Les parties prenantes et les personnes ayant une expérience concrète de la question discutée devraient pouvoir intervenir dans le processus de délibération, au même titre que les personnes disposant d'une expertise académique ou technique. Cela permet non seulement d'améliorer la délibération en soi, mais aussi d'accroître la légitimité du processus et, par conséquent, d'influencer positivement la prise en compte des résultats du processus.
Pour le grand public, il est possible d’imaginer une plateforme sur laquelle les citoyens et les citoyennes qui n'ont pas été tirées au sort ou les parties-prenantes qui n’ont pas été auditionnées peuvent donner leur avis sur le sujet. Il est même possible de les inclure dans la délibération, lors de certaines phases comme la proposition des experts ou de sous-thèmes à discuter. De toute façon, afin que l’assemblée citoyenne ne soit pas perçu comme un organe « huis-clos », il est important de garantir une communication transparente sur son travail. Pour cela, les ateliers d’information tout au long du processus constituent également une option intéressante. Un minimum est de partager le calendrier, des vidéos ou présentations d'experts et les PV du travail en cours.
La transparence doit être mise en balance avec le besoin de confidentialité et de protection de la vie privée des membres de l’assemblée citoyenne. La pratique veut que les présentations des experts puissent être diffusées et retransmises, mais que les discussions des membres de l'assemblée restent confidentielles. En outre, il convient de toujours rappeler aux participants qu'ils peuvent n'indiquer que leur prénom et non leur nom de famille (par exemple lors de sessions en ligne ou d'échanges avec des journalistes).

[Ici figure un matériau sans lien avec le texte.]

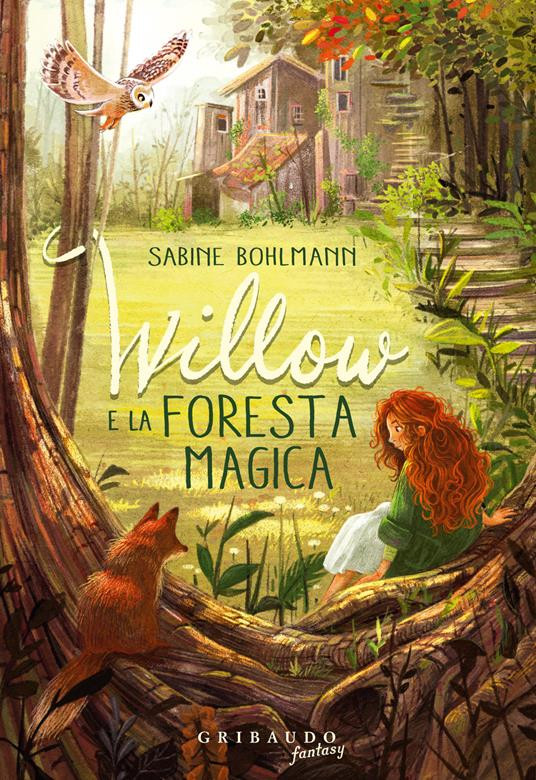 WILLOW E LA FORESTA MAGICA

Tous les citoyens doivent pouvoir accéder au rapport sur le processus et ses résultats. Un site web dédié peut être utilisé pour rendre compte et communiquer autour du suivi, en indiquant un stade de traitement et en décrivant les mesures prises à la suite de l’assemblée citoyenne.
Une justification claire et écrite doit idéalement être donnée pour chaque recommandation citoyenne. Six à douze mois après la publication du rapport, un autre week-end de réunion peut être organisé afin que l’assemblée puisse examiner les actions du gouvernement. En outre, il est possible d'impliquer formellement les citoyens dans la phase de suivi par le biais d’un comité de suivi composé de membres de l'assemblée tirés au sort.
Idéalement, quelques rencontres entre l'autorité publique et les participants aux processus délibératifs doivent être planifiées pour la période suivant la réception des recommandations. Ces moments de contact servent à communiquer et à impliquer les citoyens et les différentes parties prenantes au sujet de la réponse et du suivi politique et administratif.
Dans certains processus, les recommandations ne sont pas seulement présentées à l'autorité qui les a commandées, mais aussi aux parties prenantes concernées et au public. Il est également possible d'impliquer les parties prenantes et les organisations de la société civile concernées afin d'évaluer la réponse de l'autorité responsable.
La réalisation d'évaluations indépendantes est l’approche la plus crédible pour évaluer un processus. Pour les processus plus petits et plus courts, l’OCDE recommande des auto-rapports par les membres et les organisateurs qui peuvent également améliorer l'expérience d'apprentissage.